Details about decoding from Gabriel Oliveira
Decoding the remote
Normal remotes (TV, Blu-Ray Players, etc...) send just one signal for each key pressed. However, A/C remotes need to display info about the A/C current state, which are stored in it and can be changed even if the A/C is out of reach.
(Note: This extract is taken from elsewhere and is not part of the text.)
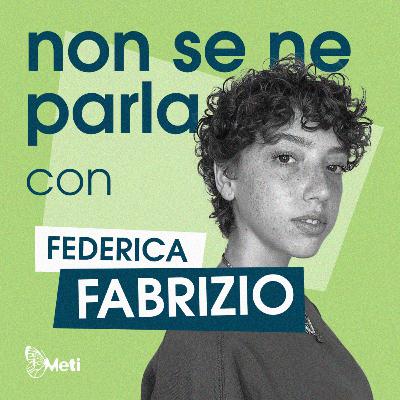 Non se ne parla... con Federica Fabrizio (Attivismo digitale)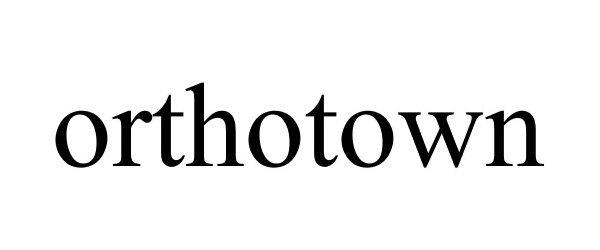 Trademark Logo ORTHOTOWN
So the remote needs to send all parameters (temperature, current mode, fan speed, etc...) to avoid synchronization problems.
The code for Midea AC is (in hex):
0x s F s 0 t m t m
Second digit is always F
, fourth digit is always 0
.
They MAY have something to do with fan direction and/or energy settings,
as I didn't have the time to decode them yet.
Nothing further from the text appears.